A situação, de forma ideal, nos permitiria tirar duas conclusões: de que a vida está boa, ou que a vida está ruim. Mas o que o otimismo, o "está tudo ótimo", nos permite fazer, é forçar uma TERCEIRA VIA, que na verdade não existe em uma possibilidade aparentemente dicotômica. Estamos analisando a situação e dizendo "sim, a pesagem foi feita, as coisas boas e as coisas ruins foram colocadas em seus devidos lugares, e agora podemos tirar uma conclusão". E qual seria a conclusão? NÃO IMPORTA! O que importa é que a conclusão poderá ser tirada logo em seguida. Mas nós NÃO TIRAMOS a conclusão. Nós deixamos a balança como está. Nesse sentido, a "resposta" dada é tão vazia quanto a afirmação de que "existe balança", "existem coisas boas", e "existem coisas ruins". É uma conclusão que não conclui, uma mera observação do status quo que não nos leva a absolutamente nada.

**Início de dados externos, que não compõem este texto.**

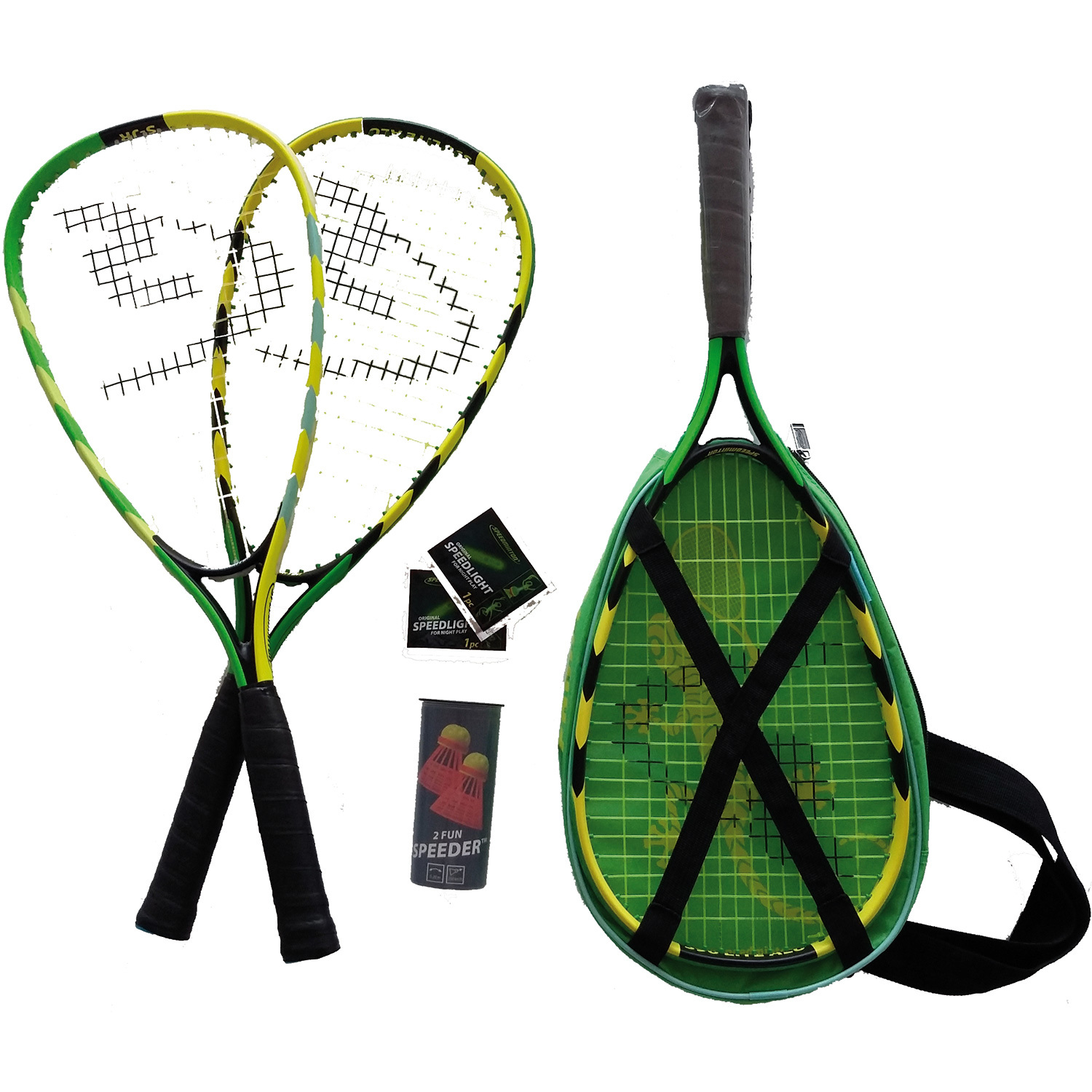 Speedbadminton Speedminton Junior set - blauw/groen/geel - crossminton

Antes de qualquer coisa, é interessante ver como essa crítica nos leva também a uma segunda crítica com relação à praticidade desse resultado: uma observação que nada conclui seria algo INÚTIL. Mas essa "inutilidade" só existe de um ponto de vista utilitário. Novamente estamos criando outra balança, dessa vez pesando com um pensamento utilitarista, dizendo respeito ao impacto prático dessa falsa conclusão… o qual acredito que damos valor em excesso. Mas esse seria um assunto para outro momento2.

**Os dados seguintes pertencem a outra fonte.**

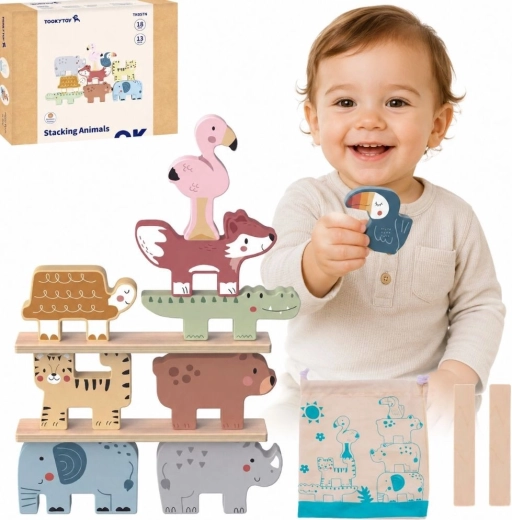 Lesena ravnotežna igra z živalmi TOOKY TOY, 13 delov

A semântica final do "tudo ótimo"
O que queremos dizer, então, com o nosso "tudo ótimo", quando perguntados sobre como está nossa vida? Bem, queremos apenas dar uma resposta genérica da observação da realidade. Para mim, depois de ler Cândido e depois de meditar sobre a filosofia de Leibniz no sentido do otimismo, o "tudo ótimo" não significa absolutamente NADA. Ele é proferido, na maioria das vezes, sem que as pessoas pensem muito a respeito do que isso significa; e por isso, sua semântica acaba sendo vazia. E para aqueles que realmente param e pensam a respeito do que essa expressão significa, o resultado acaba sendo igualmente vazio, porque não responde à pergunta, apesar de parecer responder. Porém, o "tudo ótimo", bizarramente, está exatamente no lugar onde deveria estar: A resposta sem nenhuma conclusão é dada a uma pergunta que, na realidade e na maioria das vezes, não queria também obter resposta com significado algum. Queria apenas iniciar uma conversa, e o que for importante vem depois dessa interação inicial.

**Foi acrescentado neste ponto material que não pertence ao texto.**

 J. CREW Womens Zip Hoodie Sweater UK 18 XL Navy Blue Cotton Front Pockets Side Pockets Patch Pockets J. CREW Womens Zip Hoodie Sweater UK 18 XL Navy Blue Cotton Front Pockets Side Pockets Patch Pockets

O otimismo, portanto, pode ser comparado ao processo de "otimização" de um código-fonte, da forma como realizado na computação, no âmbito de que a semântica final do código deve permanecer a mesma. Ou seja, passa de forma ilesa pela realidade das coisas, como se nada houvesse realmente acontecido. Para a computação, é uma operação desejável; mas no âmbito ético, é um simulacro de vida feliz, que não leva a autocrítica alguma. E com isso, nós otimizamos também as saudações, mais até do que imaginávamos, a ponto de tratarmos este como um cenário de felicidade, que isenta a pessoa ou os interlocutores de qualquer reflexão posterior.
Notas de Rodapé:
Veja só que interessante: a filosofia de Leibniz propõe que haja o balanceamento entre coisas boas e um mínimo de coisas ruins. Mas ninguém disse que o mínimo de coisas ruins não poderia simplesmente superar a quantidade de coisas boas.
Em geral, tomo muito cuidado com o viés utilitário de certas conclusões. Acredito fielmente que nem tudo precisa possuir uma utilidade prática e um impacto visível e imediato na realidade. Aliás, sempre me pareceu que a maioria das coisas interessantes eram as coisas inúteis. Talvez um dia eu disserte melhor sobre isso.